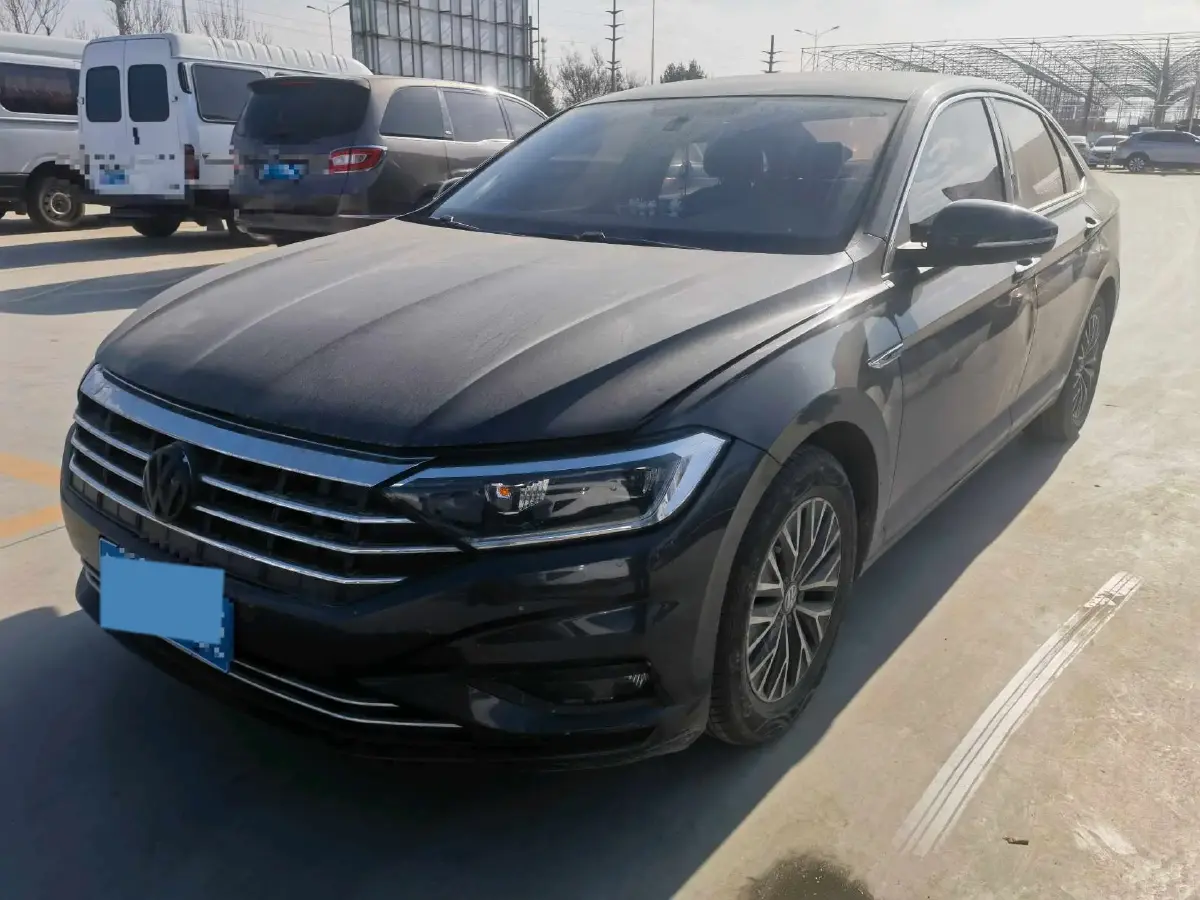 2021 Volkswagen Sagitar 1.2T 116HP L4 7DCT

────────

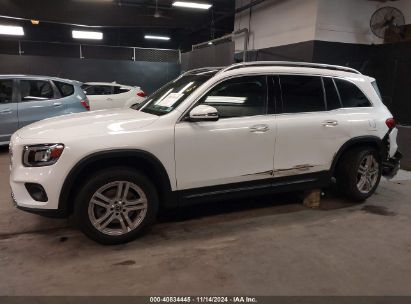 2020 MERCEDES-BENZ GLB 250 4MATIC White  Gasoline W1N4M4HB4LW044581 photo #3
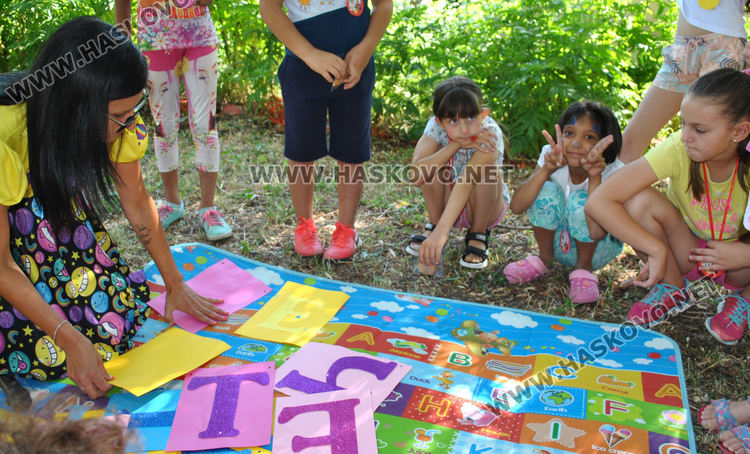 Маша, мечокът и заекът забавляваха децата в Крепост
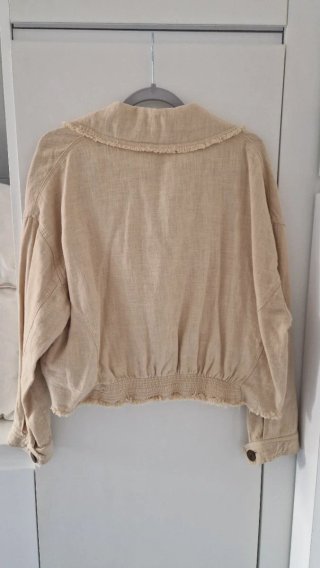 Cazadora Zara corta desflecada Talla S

────────

Above are some records. Output exactly the lines from the one that contains "Маша, мечокът и" to the one that contains "Cazadora Zara corta desflecada Talla S", keeping both, and omit the pictures.

 Маша, мечокът и заекът забавляваха децата в Крепост
 Cazadora Zara corta desflecada Talla S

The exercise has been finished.